▶ What is required
Find "Desert Dusk –" in the listing below, then set down only that line and each later line, unchanged, leaving out pictures.

▶ Information provided

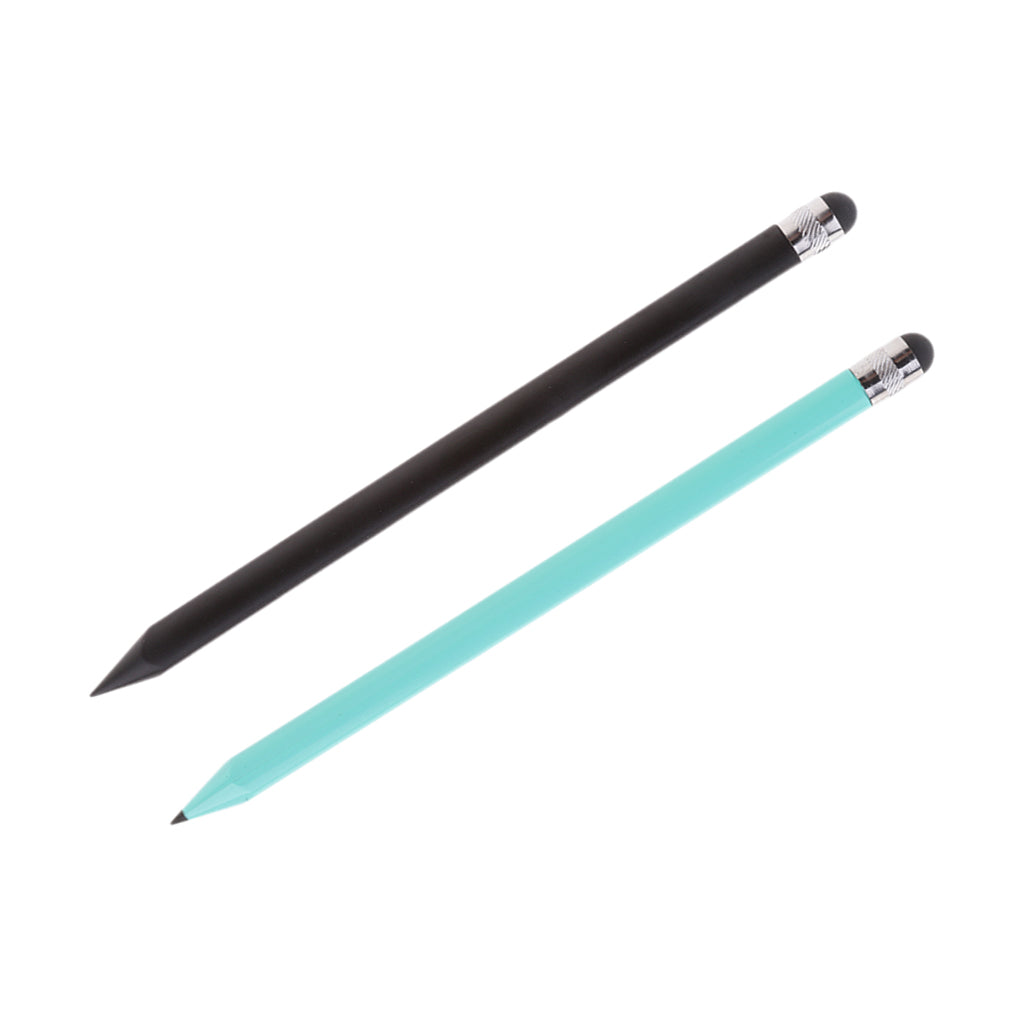 2 Pieces 2-in-1 Retro Design Touch Screen Stylus for Phone Tablets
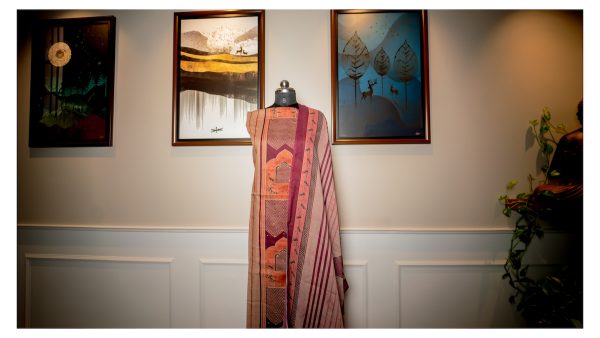 Desert Dusk – Handwoven Cotton Elegance - Image 3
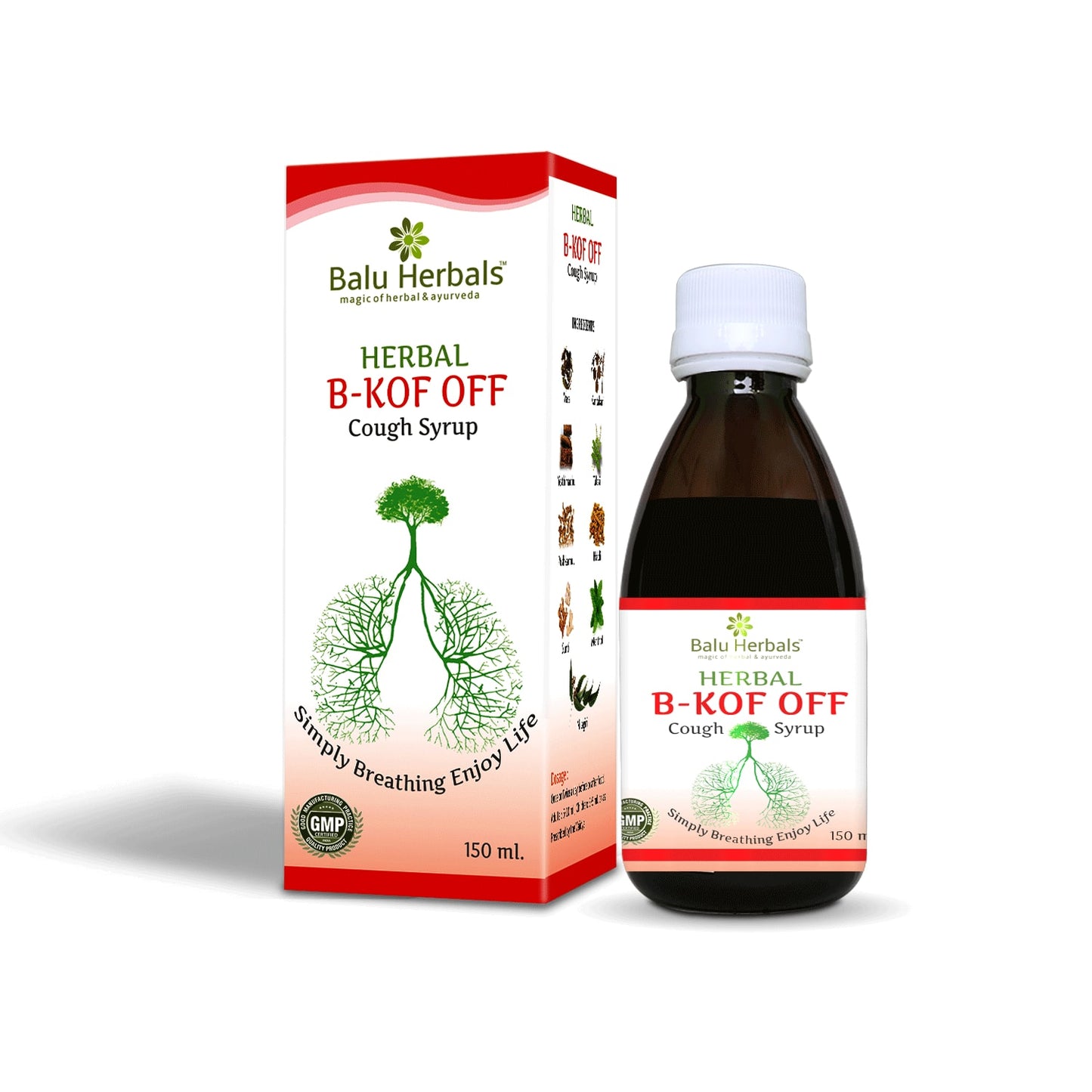 B Kof Off Syrup 150ML - Cough Syrup - Quick relief from throat infections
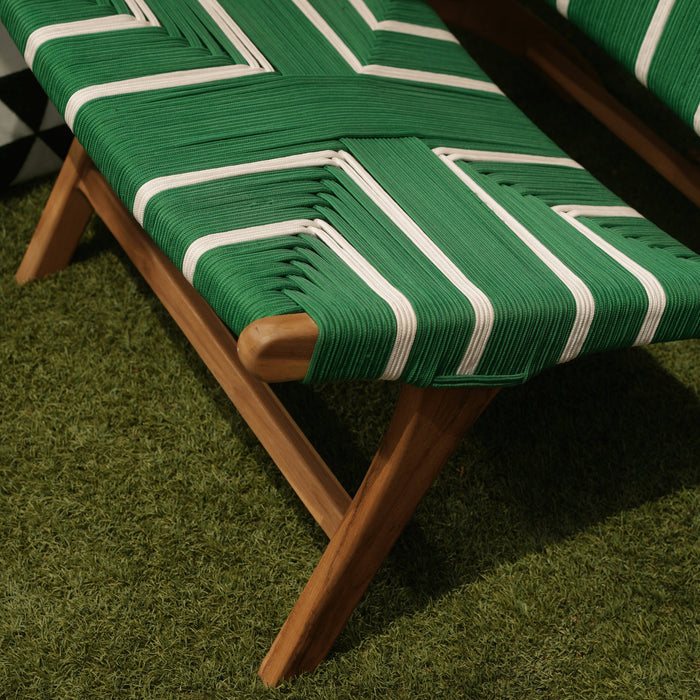 CATANIA MULTI COLOR LOUNGE CHAIR GREEN AND WHITE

▶ Your solution
 Desert Dusk – Handwoven Cotton Elegance - Image 3
 B Kof Off Syrup 150ML - Cough Syrup - Quick relief from throat infections
 CATANIA MULTI COLOR LOUNGE CHAIR GREEN AND WHITE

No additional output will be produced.